There’s a logical fallacy behind entreaties to enter healthcare and other fast-growing fields: The assumption is a large supply of jobs means it’s a good field to be in. But pay, benefits and other important factors are determined by both the availability of jobs and the number of people going after them. If demand (the number of people looking for a healthcare job) exceeds the supply (the number of jobs available) then employers will have the power to lower pay, cut benefits and make tougher demands on workers. It’s the demand part people forget about when labeling healthcare a rich career target.
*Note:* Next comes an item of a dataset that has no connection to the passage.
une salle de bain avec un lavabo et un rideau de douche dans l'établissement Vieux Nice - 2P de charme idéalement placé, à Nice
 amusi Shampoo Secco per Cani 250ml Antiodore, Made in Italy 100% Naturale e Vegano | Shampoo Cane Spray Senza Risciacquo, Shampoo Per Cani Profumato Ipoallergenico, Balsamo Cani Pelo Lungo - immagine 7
Construction is back! Electricians, carpenters, masons and other types of construction workers should see more than 30% job growth by 2020, according to the Labor Dept. The problem: Total employment in construction is still about 1.9 million jobs less than during the peak in 2006, so it will be quite a long time before everybody who used to have a job in construction has one again. The real-estate recovery is strong in places such as San Francisco and Atlanta and other cities where there was never much of a housing glut, but it’s still absent in stagnant cities including Baltimore, Philadelphia and many in Florida. So there might be demand for construction workers in some areas, but if it’s not happening near you, don’t be surprised. Again, it’s both the supply of jobs and the demand for them that matters, not just the supply.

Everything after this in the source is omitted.